Он был все так же, как и раньше, по-южному загорел, ослепительно белозуб, но уже густо сед на висках и чуть полноват в талии. Мама работала тогда операционной сестрой в хирургическом отделении городской больницы, превращенной, по сути дела, в госпиталь, и редко бывала дома, ночуя в ординаторской комнате. Митя сказал об этом отцу. Тот подал ему ружье, цепко взял за плечо длинными пальцами и заглянул в глаза.
— Возьми на память. Штучное, бельгийское. Бил я из него косуль, фазанов, дроф, джейранов, кабаргу и даже снежных барсов… Ну, да не в этом дело. Я сейчас схожу попрощаться с матерью, а потом ты проводишь меня.
Его эшелон стоял далеко от вокзала, среди грязных, масляно поблескивающих цистерн, платформ с углем, лесом, дощатыми ящиками, станками, прикрытыми брезентом, контейнерами и даже мостовыми фермами. Митя и отец сели наверху, на краю крутого песчаного откоса. Отец снял пилотку и натянул ее на согнутое колено. Митя чувствовал себя неловко с ним, не зная, о чем говорить, что делать. Ему казалось, что отец испытывает такую же неловкость и нетерпеливо ждет снизу сигнала к отправке, но он вдруг заговорил со спокойной прямотой и твердостью человека свободного от всяких условностей.

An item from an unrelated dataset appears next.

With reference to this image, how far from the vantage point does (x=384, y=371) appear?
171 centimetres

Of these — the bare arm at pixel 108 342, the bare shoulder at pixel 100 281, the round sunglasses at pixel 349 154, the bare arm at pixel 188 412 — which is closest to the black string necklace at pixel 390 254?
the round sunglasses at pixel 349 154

— Ты, может быть, осуждаешь меня, хотя мне на это решительно наплевать, малыш, — усмехнулся он. — Я скажу тебе кое-что, но не в покаяние, а для того, чтобы ты воспринял, если сумеешь, некоторые полезные, на мой взгляд, истины. Одной из миссий Иисуса Христа на земле было разрушение семьи. — Он опять усмехнулся. — «Я пришел разделить человека с отцом его и дочь с матерью ее. И враги человека — домашние его». В этом есть своя изюминка. Мы с твоей матерью поженились очень молодыми, не зная как следует не только друг друга, но и самих себя. Я оказался человеком неоседлым и от одного вида фикуса в углу покрывался нервной экземой. Первое время мать моталась со мной, но, может быть, есть не более трех десятков женщин на весь мир, которые не мечтали бы о «своем гнезде», как они это называют. А мать как раз из дюжинных свивальниц гнезд. И я ушел от нее, ушел от тебя. Возможно, мои убеждения покажутся тебе крамольными и циничными, но я уверен, что семья аморальна, потому что в своем историческом развитии всецело подчиняется законам экономики, а чувство играет при этом второстепенную роль. К тому же оно стихийно, малыш, у него нет законов… Останься я в семье, и это было бы фальшивое сожительство людей, мелочно терзающих друг друга.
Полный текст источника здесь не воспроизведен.